YOUR OBJECTIVE: Your answer must be the full listing, reproduced exactly, minus any pictures.

AVAILABLE DATA:
────────
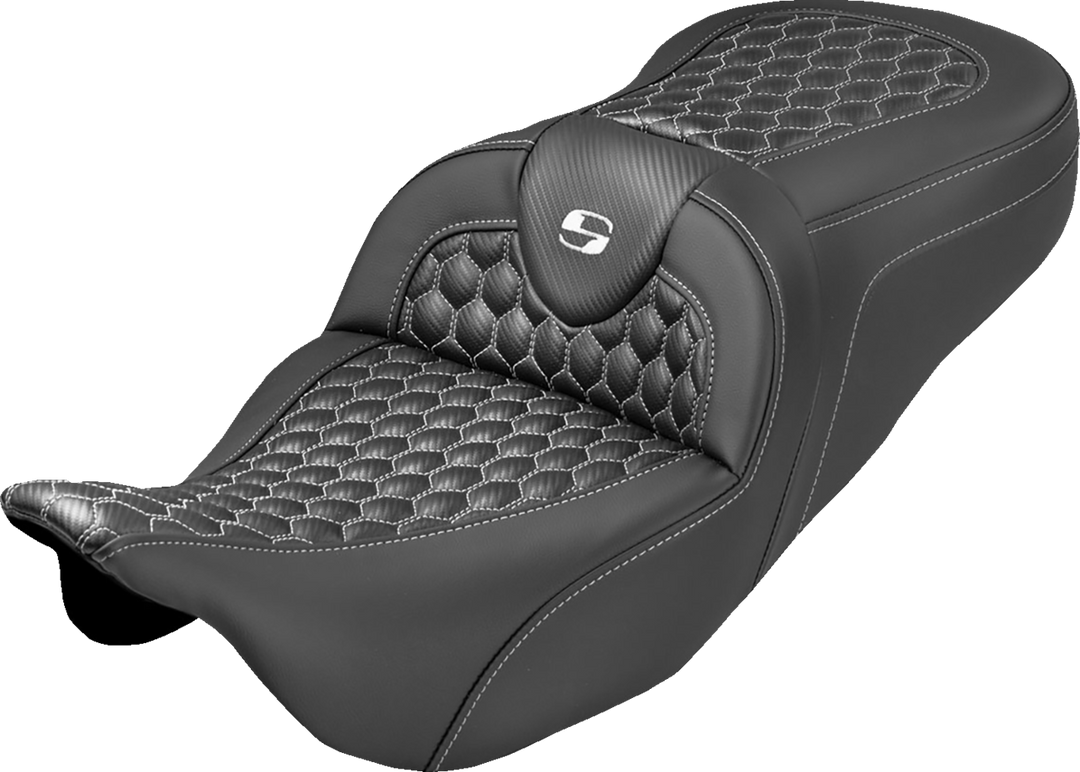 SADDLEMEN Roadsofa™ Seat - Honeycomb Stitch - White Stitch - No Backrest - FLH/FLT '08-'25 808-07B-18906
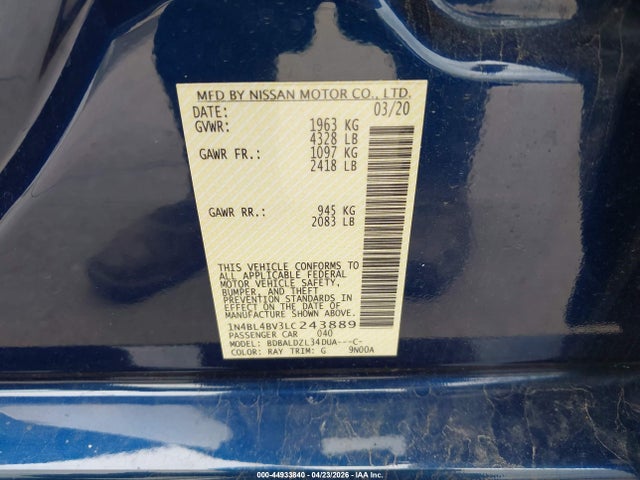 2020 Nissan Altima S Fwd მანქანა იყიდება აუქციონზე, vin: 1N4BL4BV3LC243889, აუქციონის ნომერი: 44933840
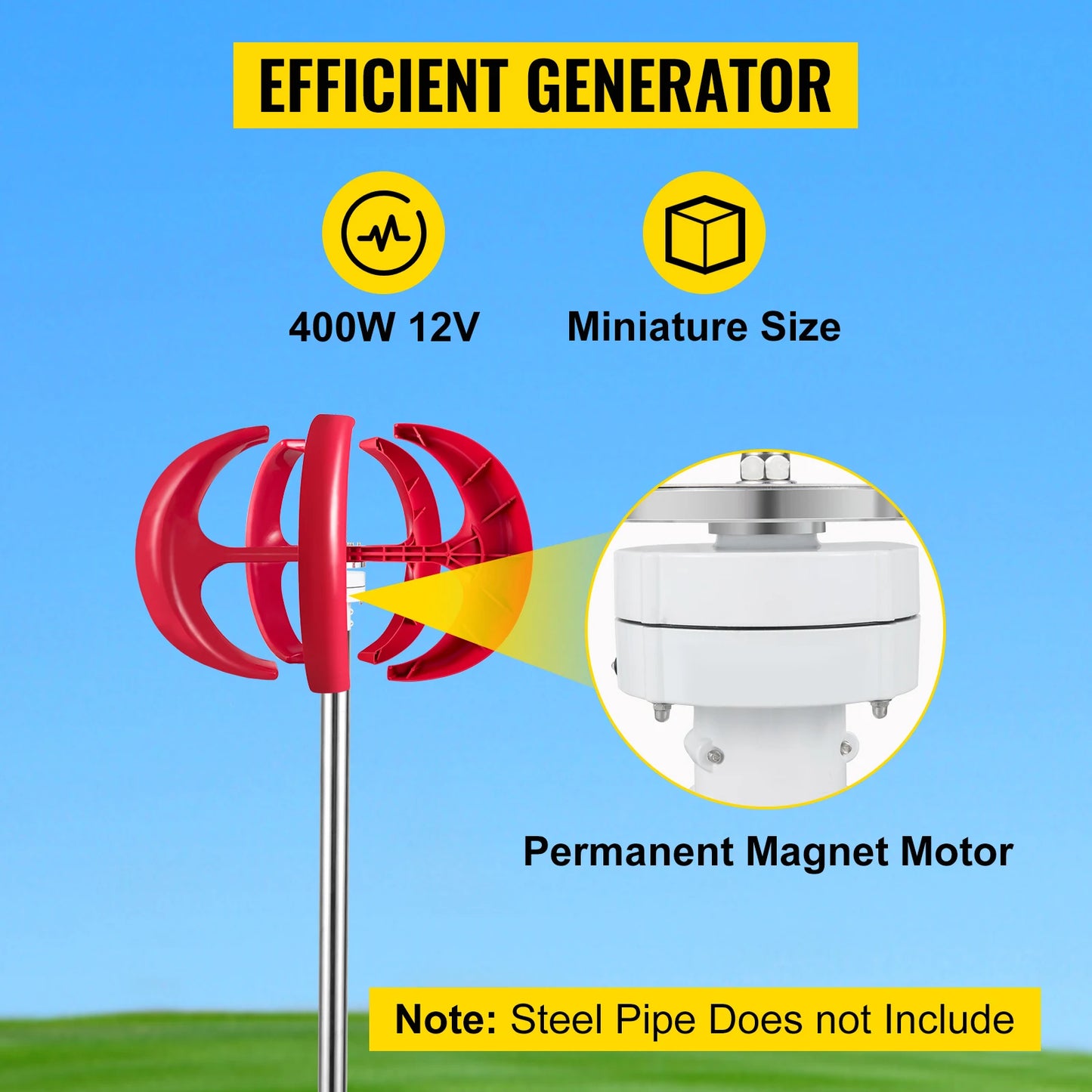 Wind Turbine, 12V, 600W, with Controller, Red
────────
ANSWER TO THIS TASK:
 SADDLEMEN Roadsofa™ Seat - Honeycomb Stitch - White Stitch - No Backrest - FLH/FLT '08-'25 808-07B-18906
 2020 Nissan Altima S Fwd მანქანა იყიდება აუქციონზე, vin: 1N4BL4BV3LC243889, აუქციონის ნომერი: 44933840
 Wind Turbine, 12V, 600W, with Controller, Red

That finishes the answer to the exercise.